(Task statement)
Return all the lines below exactly. Any picture among them is omitted.

(Dataset extract)

=== Begin Enclosure ===

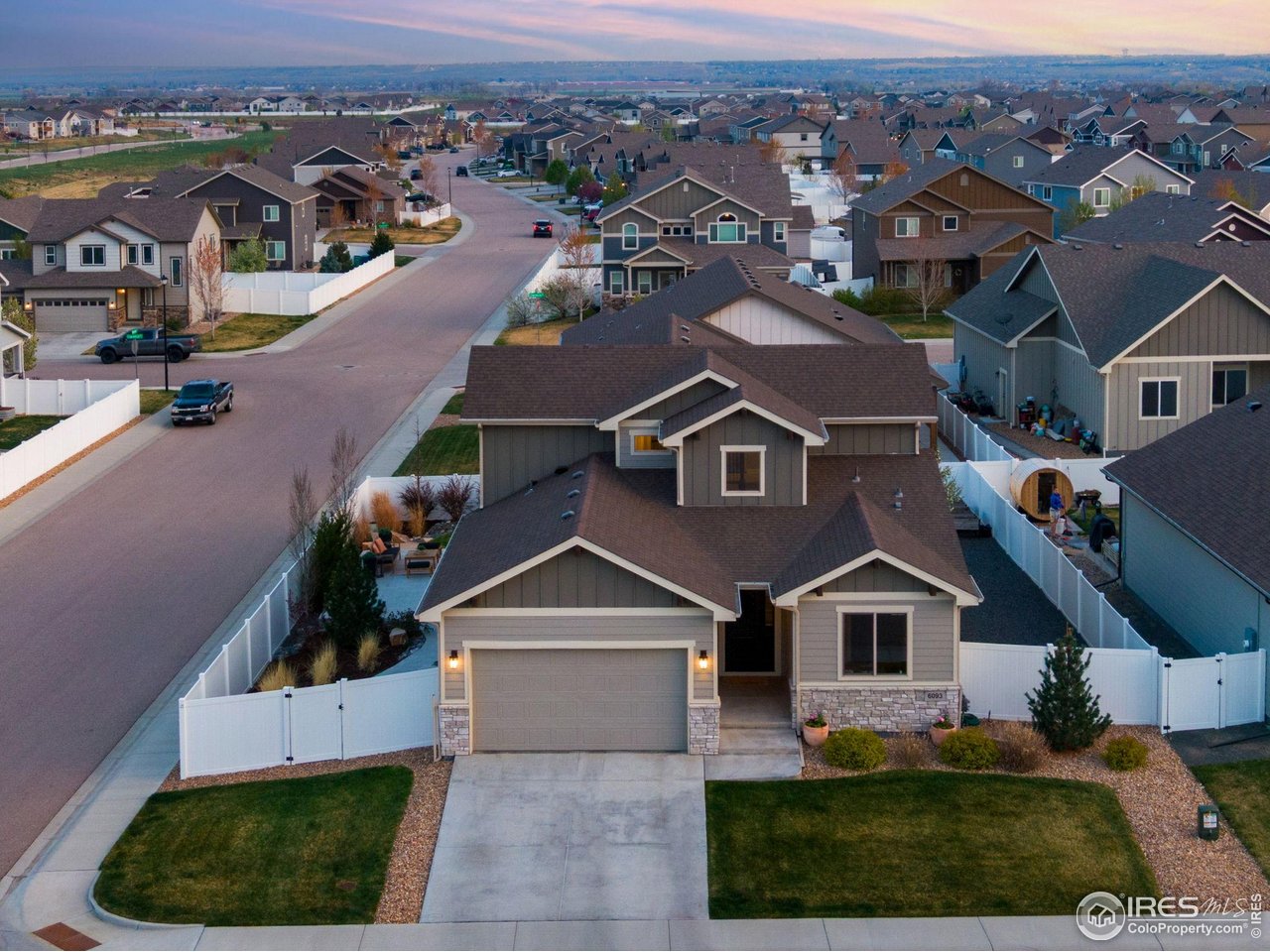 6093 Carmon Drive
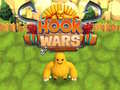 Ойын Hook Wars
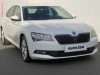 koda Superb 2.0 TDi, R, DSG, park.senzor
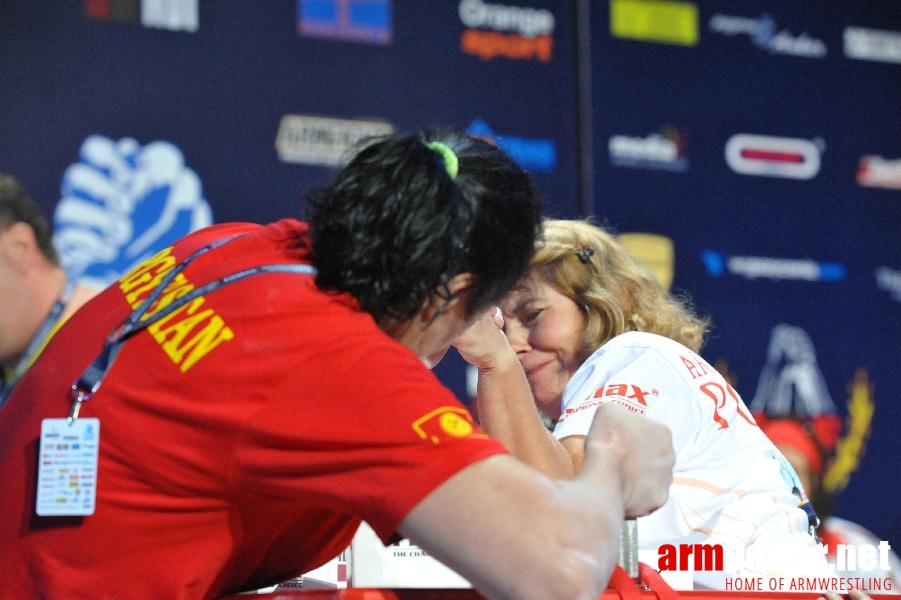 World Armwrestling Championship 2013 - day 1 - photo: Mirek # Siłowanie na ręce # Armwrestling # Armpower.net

=== End Enclosure ===

(Answer to this exercise)
 6093 Carmon Drive
 Ойын Hook Wars
 koda Superb 2.0 TDi, R, DSG, park.senzor
 World Armwrestling Championship 2013 - day 1 - photo: Mirek # Siłowanie na ręce # Armwrestling # Armpower.net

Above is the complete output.